(Crawled caption data)
####

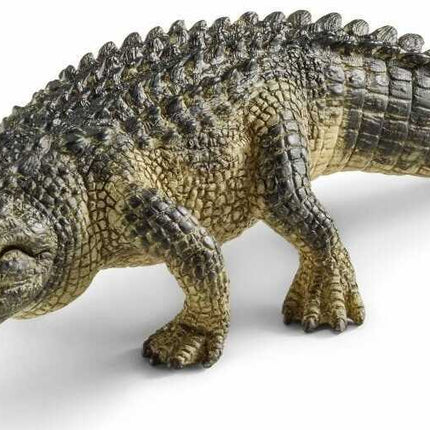 Alligator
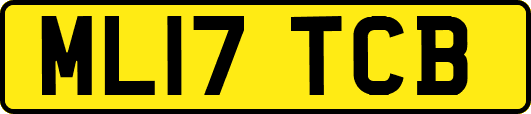 ML17TCB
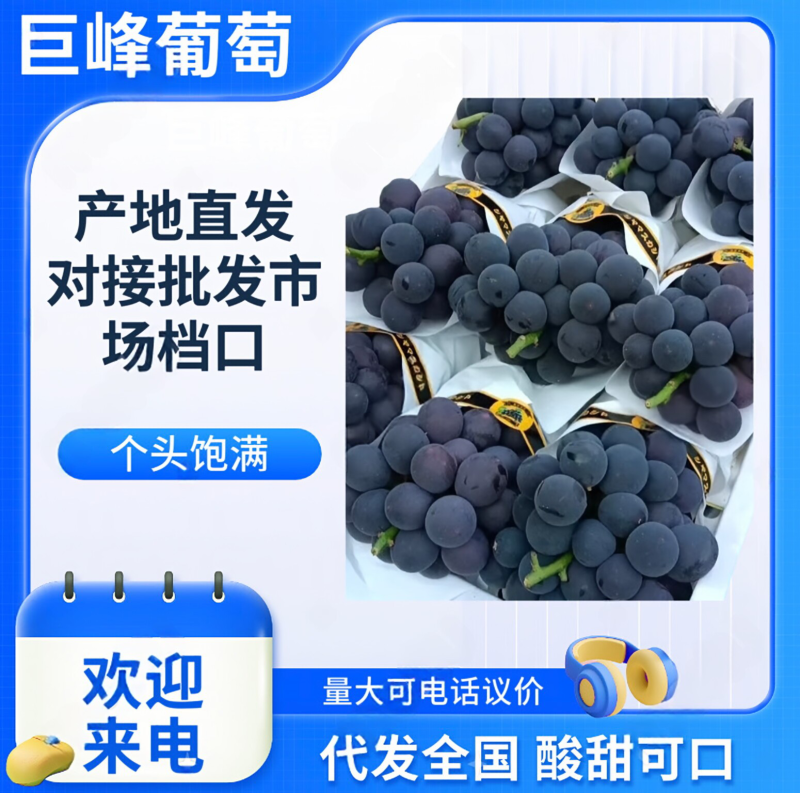 巨峰葡萄硬枝巨峰葡萄硬梗巨峰葡萄一手货源产地直发冷库仓储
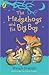 Hedgehog and the Big Bag (Ready, Steady, Read!)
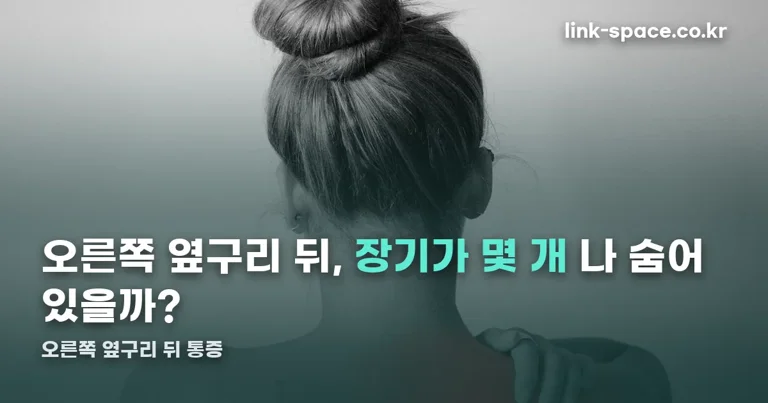 오른쪽 옆구리 뒤 통증 정리 썸네일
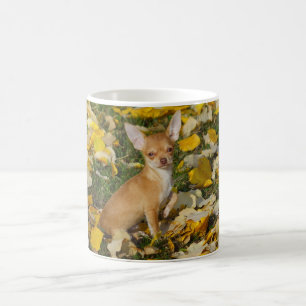 Adorable Chihuahua Welpe zwischen gelben Blätter Tasse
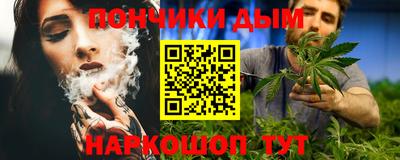 крисы Камышлов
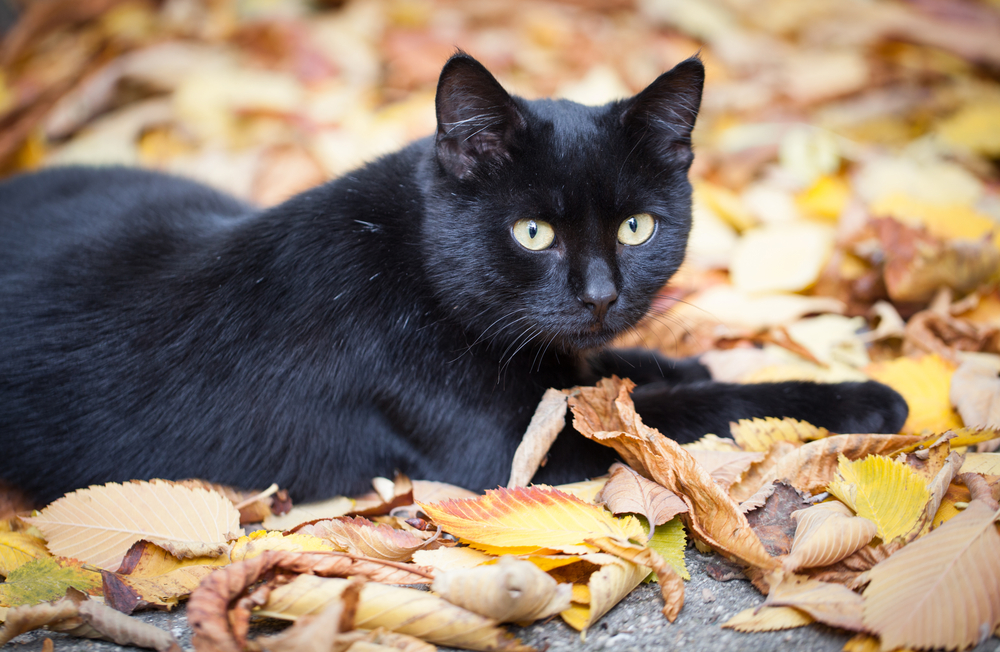 Witch Hunt: Where There’s a Black Cat, There’s a Witch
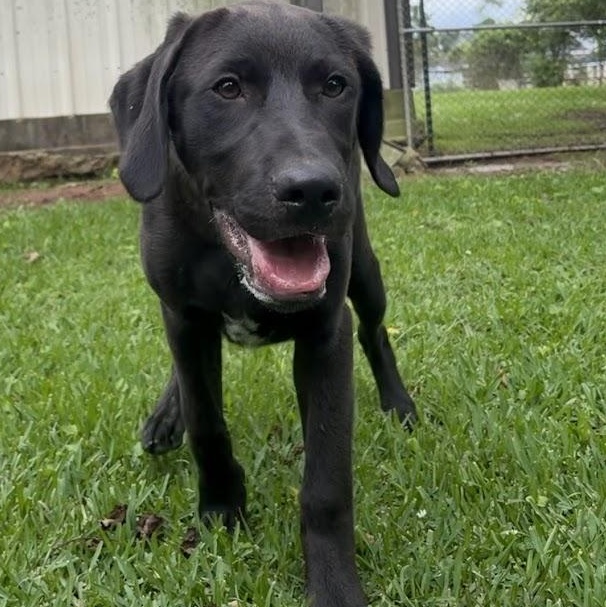 Sven, Adoptable, Puppy Male Labrador Retriever.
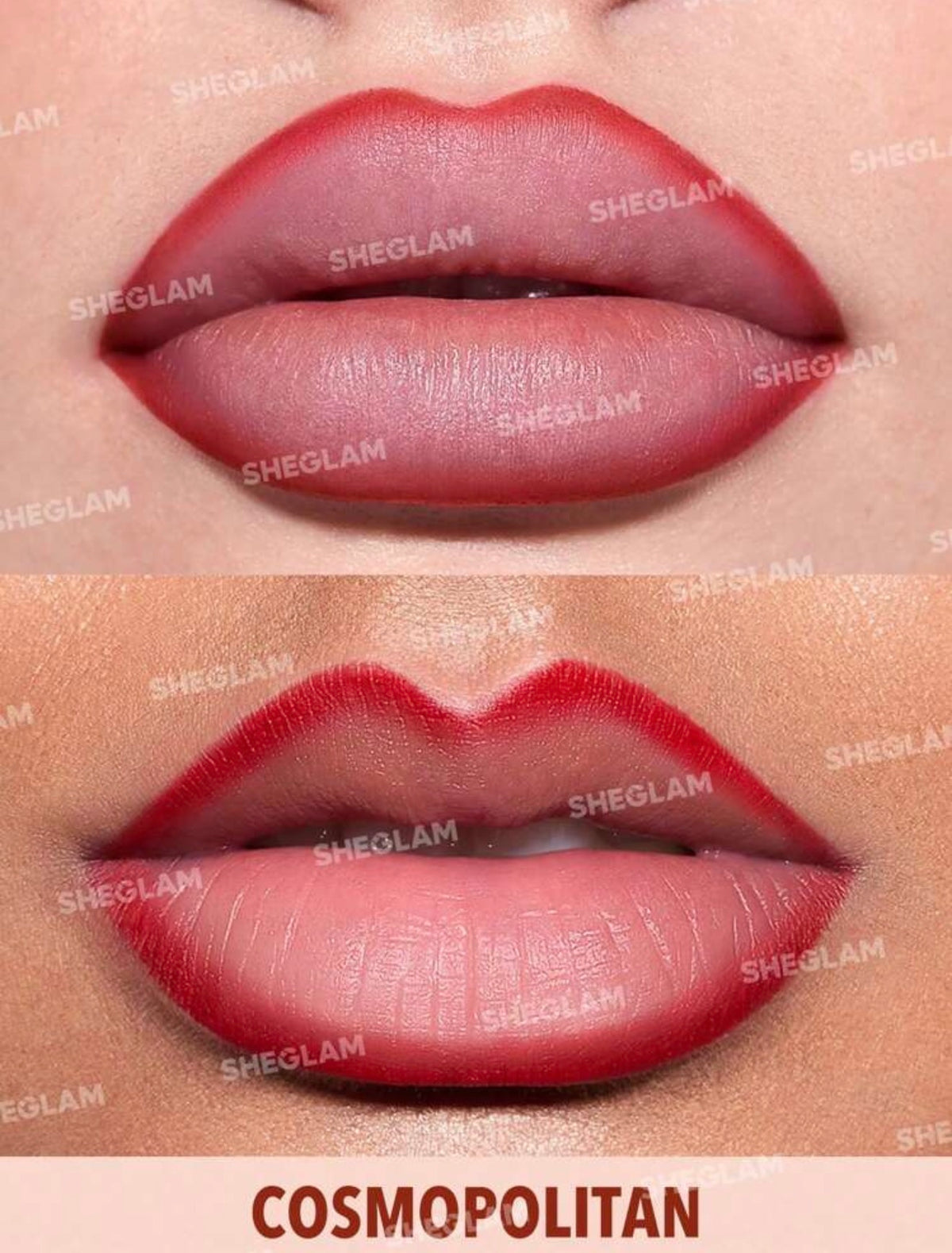 SHEGLAM Lip Facts Crayon à
LèVres-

####

--- DIRECTIONS ---
Exactly as written, print each entry, leaving all pictures out.

--- TASK RESULT ---
 Alligator
 ML17TCB
 巨峰葡萄硬枝巨峰葡萄硬梗巨峰葡萄一手货源产地直发冷库仓储
 Hedgehog and the Big Bag (Ready, Steady, Read!)
 오른쪽 옆구리 뒤 통증 정리 썸네일
 Adorable Chihuahua Welpe zwischen gelben Blätter Tasse
 крисы Камышлов
 Witch Hunt: Where There’s a Black Cat, There’s a Witch
 Sven, Adoptable, Puppy Male Labrador Retriever.
 SHEGLAM Lip Facts Crayon à
LèVres-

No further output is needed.